Evaristo, san (100? - 109?) Euaristós o, simplemente, Aristós, es, para nosotros, un perfecto desconocido. Las fuentes tradicionales, el Liber Pontificalis, ni siquiera se ponen de acuerdo sobre la duración de su pontificado, entre ocho y once años. El nombre revela que se trata de un griego, pero la noticia de que hubiera nacido en Belén, así como la de que sufrió el martirio, carecen de toda posible confirmación. Se le atribuye la creación de los siete diáconos y la asignación de parroquias a los presbíteros; no existe la menor garantía para tales noticias.
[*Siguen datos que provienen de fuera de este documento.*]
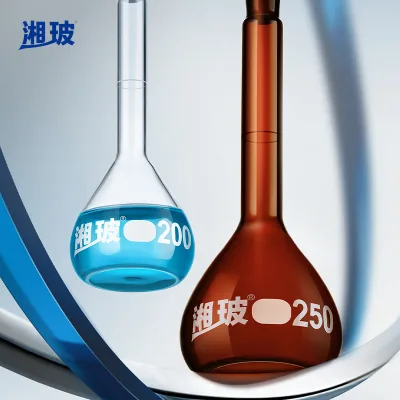 Glass Volumetric Flask with Glass Stopper, 5-2000ml Transparent/Brown/Amber Available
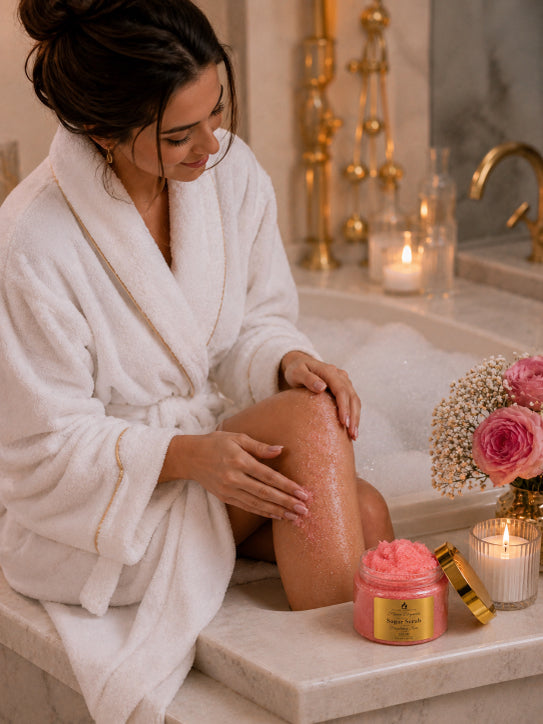 Strawberry kiss sugar scrub by Flame Elegance. Scrub is sitting on the side of the tub while a woman wearing a white robe is rubbing the sugar scrub on her leg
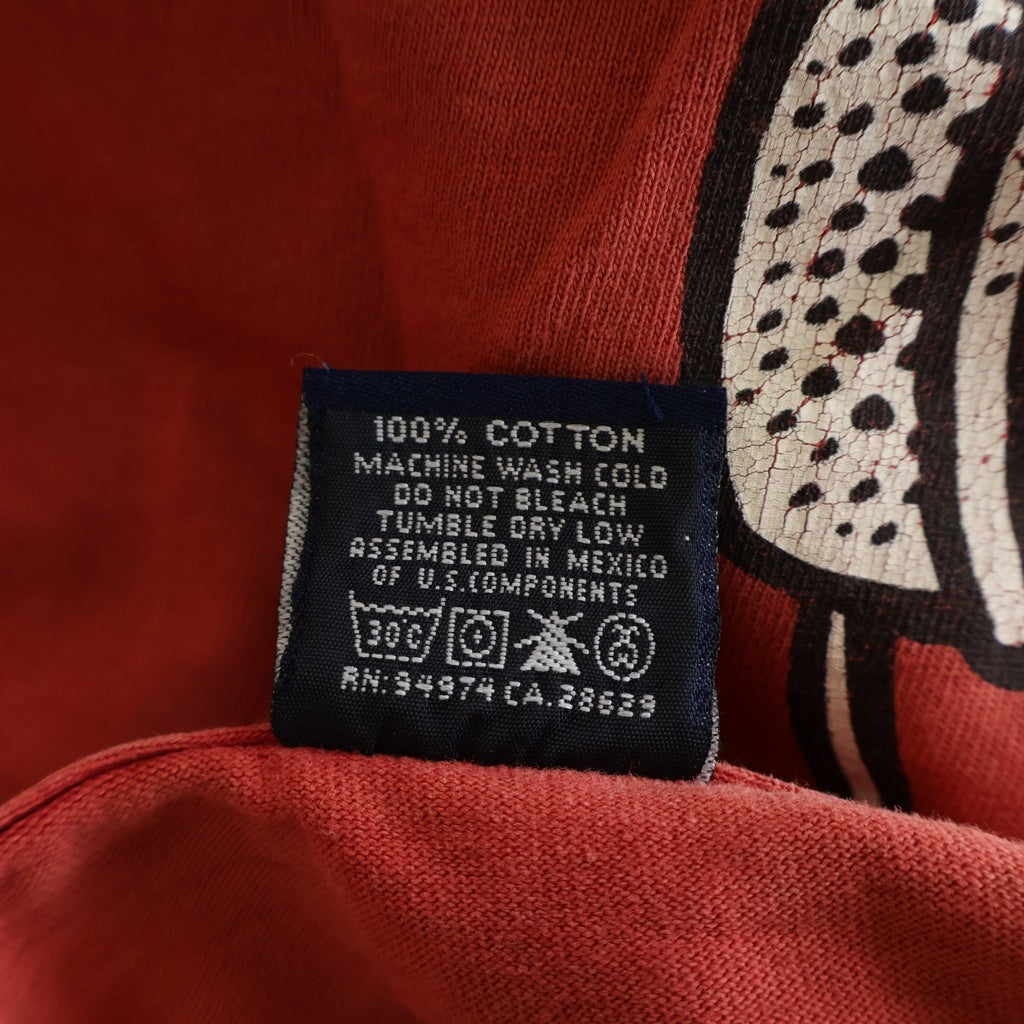 STUSSY(ステューシー) 90S VINATGE ヴィンテージ スカルデザイン クルーネック カットソー 長袖Tシャツ レッド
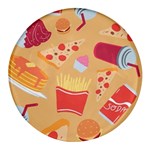 Fast Junk Food  Pizza Burger Cool Soda Pattern Round Glass Fridge Magnet (4 pack)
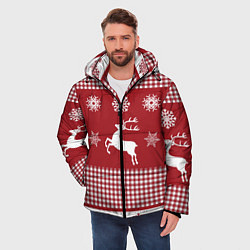 Куртка зимняя мужская Узор с оленями, цвет: 3D-красный — фото 2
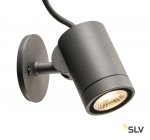 1000735 SLV HELIA LED SPOT светильник накладной IP55 c LED 8Вт, 3000К, 480лм, 38°, с кабелем 3м, антрацит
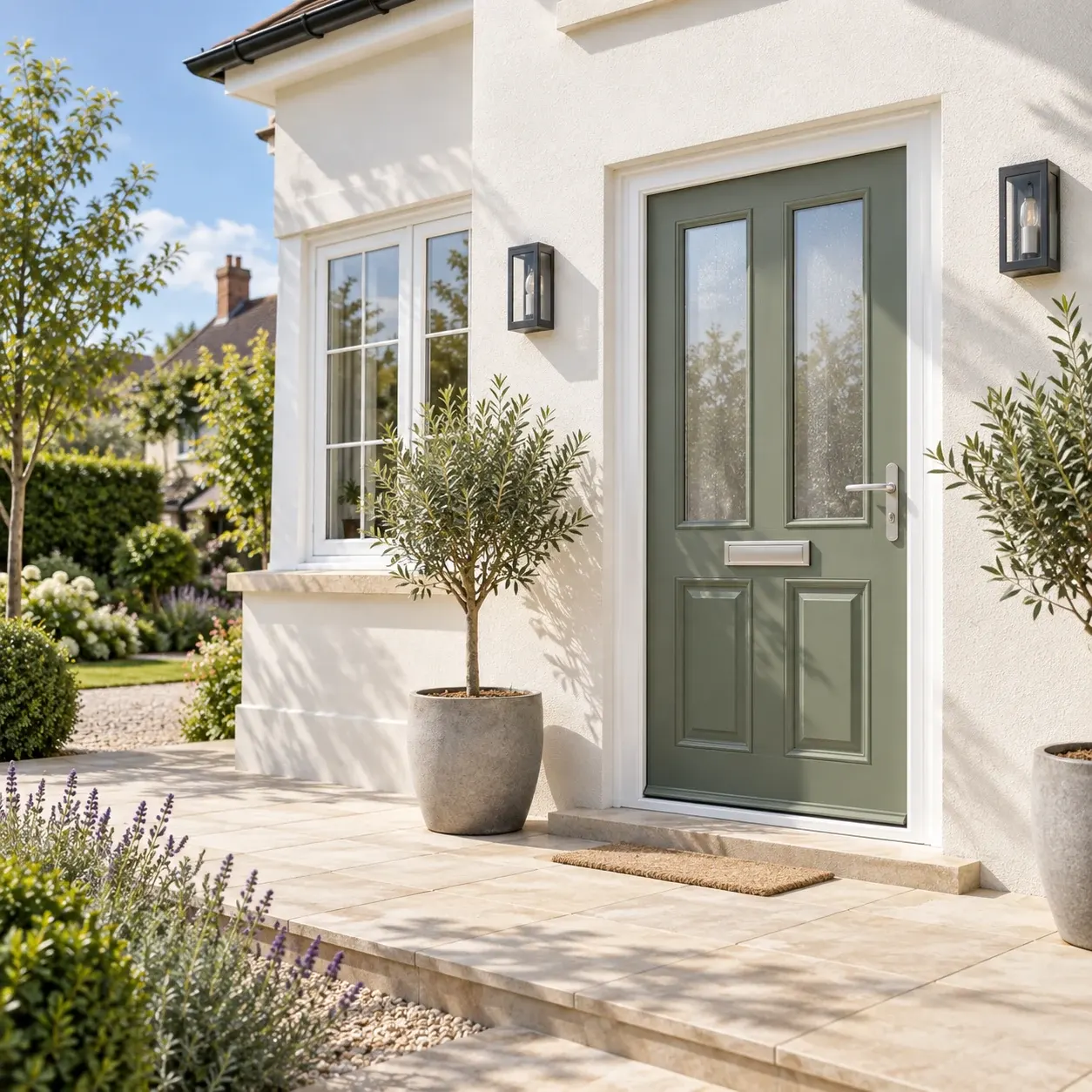 Sage green composite front door with glazed side panels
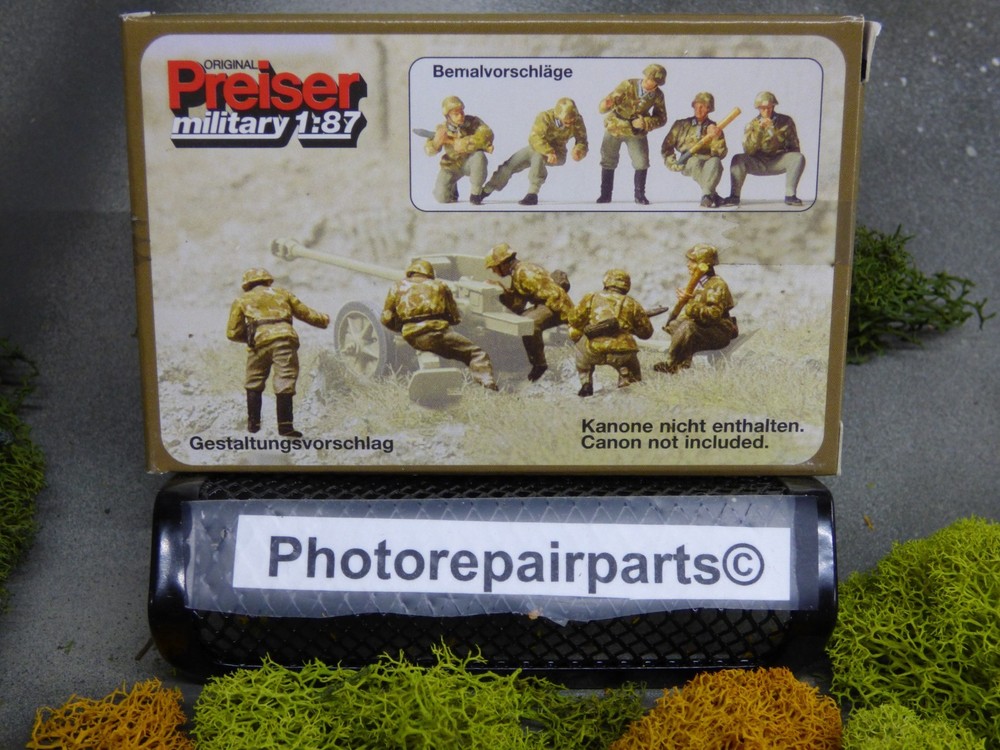 Preiser / Roco Compatible WWII German Pak 40 Gun Crew Lot#7289©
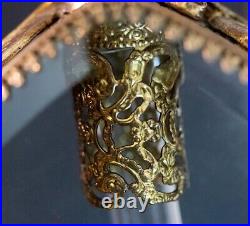 Hollywood Regency Ornate Perfume Bottle 24k Ormolu Gold Plated Beveled Vintage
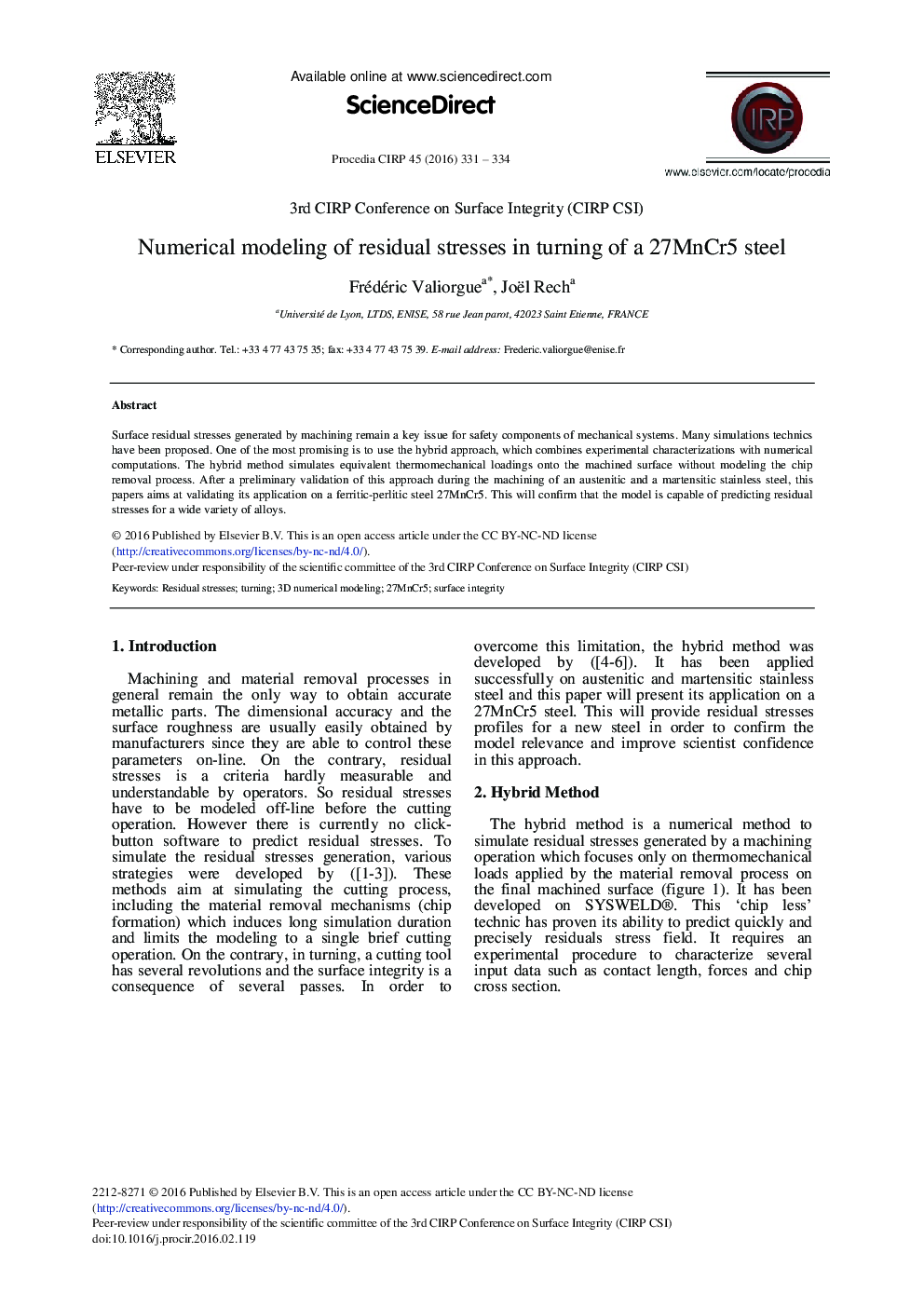 Numerical Modeling of Residual Stresses in Turning of a 27MnCr5 Steel 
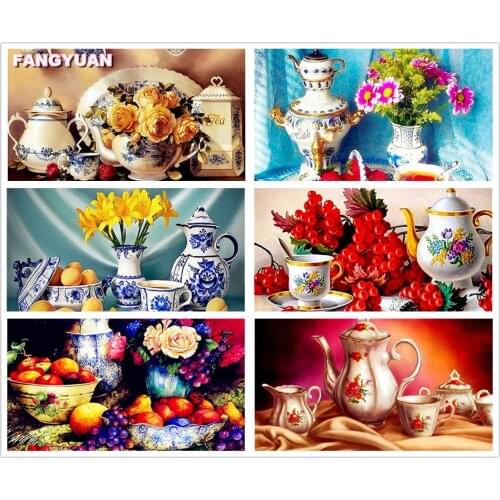 Cartoon Teapot 5D Diy Diamond Painting Art Accessories Floral Full Drill Diamond Embroidery Mosaic Cross Stitch Kit Home Decor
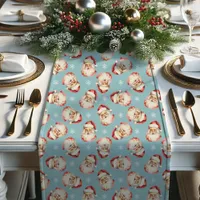 Blue Vintage Retro Santa Claus Christmas Short Table Runner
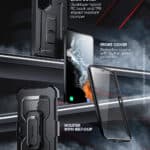 Supcase Backcase hoesje Samsung Galaxy S23 Ultra - Met en zonder screen protector - Zwart - 5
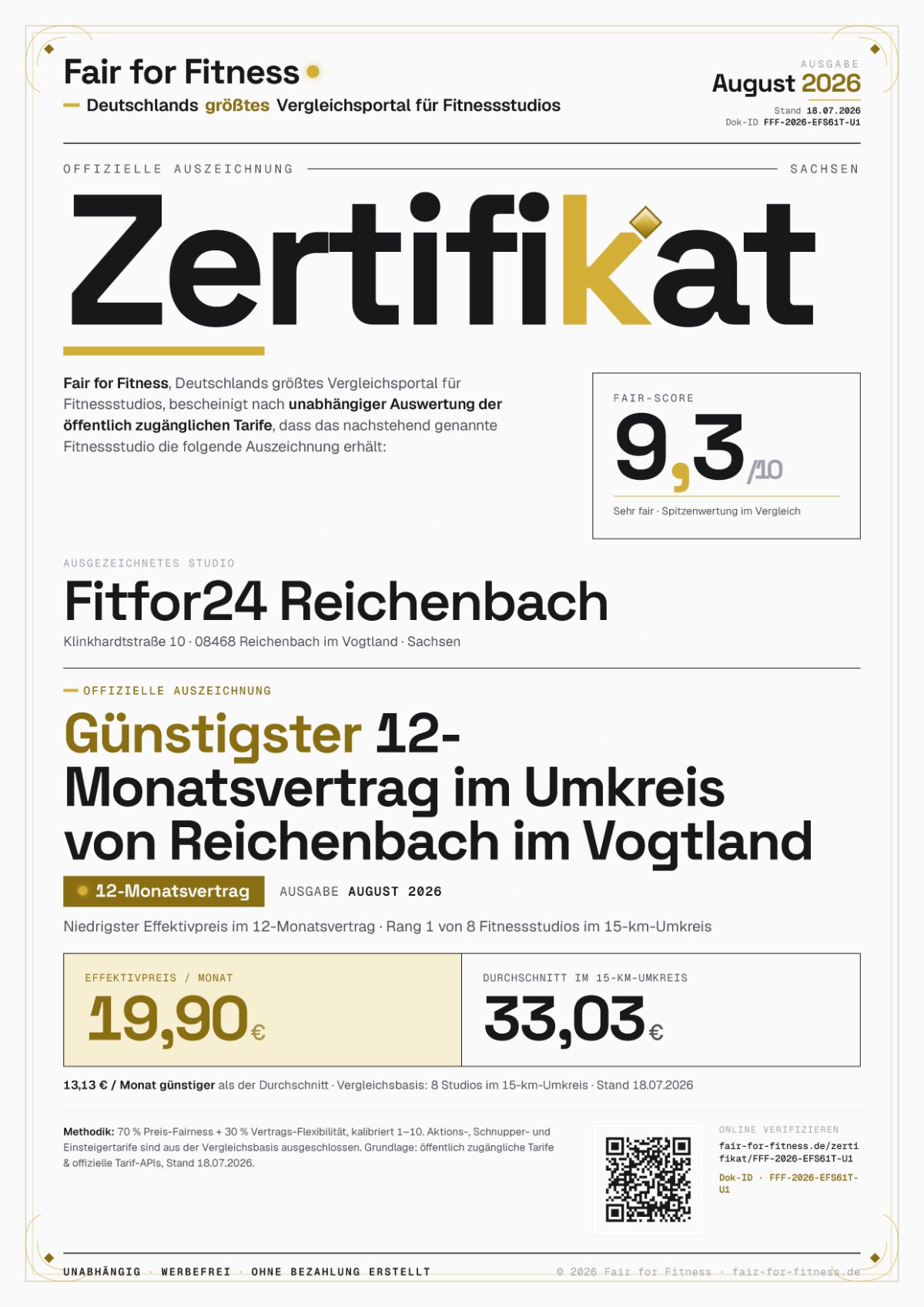 Zertifikat „Günstigster 12-Monatsvertrag im Umkreis von Reichenbach im Vogtland"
Alejandro I, san (109? - 116?)
Considerado como mártir, probablemente se le ha confundido con otra persona del mismo nombre, cuyas reliquias fueron encontradas a mediados del siglo xix en el lugar donde se señalaba su enterramiento, en la vía Nomentana. Otra tradición imposible de comprobar le atribuye la introducción de la costumbre de bendecir los hogares con agua y sal; se trata, sin duda, de un anacronismo. Sin embargo, en medio de este silencio, se produce el hecho singularmente importante de la Epístola que san Ignacio de Antioquía dirigió a la Sede Apostólica, «que preside en la capital del territorio de los romanos» y que está «puesta a la cabeza de la caridad». San Ignacio no da el nombre del obispo que gobierna de caridad que formaban todas las Iglesias cristianas, a la de Roma correspondía ser la cabeza.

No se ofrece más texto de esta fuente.